[
https://issues.apache.org/jira/browse/HDFS-13596?page=com.atlassian.jira.plugin.system.issuetabpanels:comment-tabpanel&focusedCommentId=16809427#comment-16809427
]
Wei-Chiu Chuang commented on HDFS-13596:
----------------------------------------
I am reviewing the patch.
{quote}This issue occurs because namenode writes new layout audit log during
upgrading ,but standby namenode can not parse new layout audit log. So We can
writes audit log according to the current layout version.
{quote}
I'm pretty sure you meant to say "edit log" instead of "audit log".
I think not being able to accept EC requests prior to the completion of
upgrade, is a reasonable trade-off. You can check layout version within
{{FSNamesystem#startFileInt}}, reject when CreateFlag.SHOULD_REPLICATE is false
or ecPolicyName is not empty. Other EC RPCs that should be checked include
setErasureCodingPolicy.
No tests. But you have done the manual test so that's ok.
Further notes: if we want to support rolling upgrades, we should define the
"to" and "from" version supported. I've not done any rolling upgrade test
myself. [~ferhui] what "to" and "from" versions do you have? I think if we can
support 2.8 it'll make the most of the community happy.

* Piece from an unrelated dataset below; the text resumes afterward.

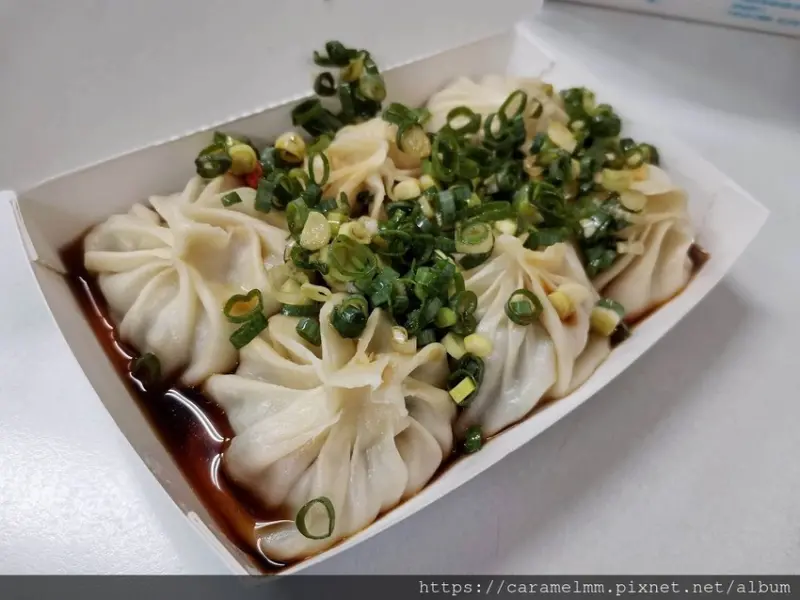 【苗栗頭份】鮮肉湯包 蔥花無限續加 皮薄餡多味鮮美 在地人也愛 頭份排隊美食 銅板美食 頭份美食 頭份小吃 頭份早餐 頭份國小對面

Release note or documentation, please.
Things that should be documented – minimum supported versions, caveats,
> NN restart fails after RollingUpgrade from 2.x to 3.x
> -----------------------------------------------------
>
> Key: HDFS-13596
> URL: https://issues.apache.org/jira/browse/HDFS-13596
> Project: Hadoop HDFS
> Issue Type: Bug
> Components: hdfs
> Reporter: Hanisha Koneru
> Assignee: Fei Hui
> Priority: Critical
> Attachments: HDFS-13596.001.patch, HDFS-13596.002.patch,
> HDFS-13596.003.patch
>
>
> After rollingUpgrade NN from 2.x and 3.x, if the NN is restarted, it fails
> while replaying edit logs.
> * After NN is started with rollingUpgrade, the layoutVersion written to
> editLogs (before finalizing the upgrade) is the pre-upgrade layout version
> (so as to support downgrade).
> * When writing transactions to log, NN writes as per the current layout
> version. In 3.x, erasureCoding bits are added to the editLog transactions.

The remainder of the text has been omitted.